Skip to main content

BART Score

BARTScore is a sequence-to-sequence based metric that leverages the BART model to evaluate text quality. It provides a more nuanced evaluation of semantic similarity and generation quality compared to traditional metrics.

Overview

BARTScore uses BART's ability to understand and generate text to compute likelihood scores between generated and reference texts.

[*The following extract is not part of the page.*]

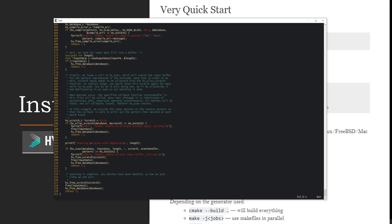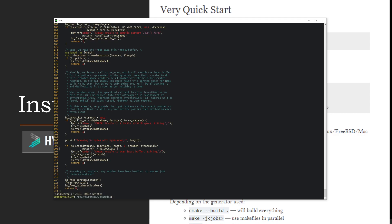If the scan is successful, the callback prints where the patterns matched. If it fails, you handle the error and do cleanup. Once all the work is done, you free the scratch. Remember, scratch is not freed after every search — it's a one-time operation you can amortize over multiple lookups. Since the program is winding down, it frees everything and we're done.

It can evaluate text in both directions (paraphrase likelihood and generation likelihood), making it particularly useful for assessing both accuracy and fluency.

How It Works

BARTScore operates by:

  1. Computing the likelihood of generating the reference given the candidate (faithfulness)
  2. Computing the likelihood of generating the candidate given the reference (precision)
  3. Optionally combining both scores for a bidirectional evaluation

The score reflects how well BART can predict the target text given the source, with higher probabilities indicating better quality.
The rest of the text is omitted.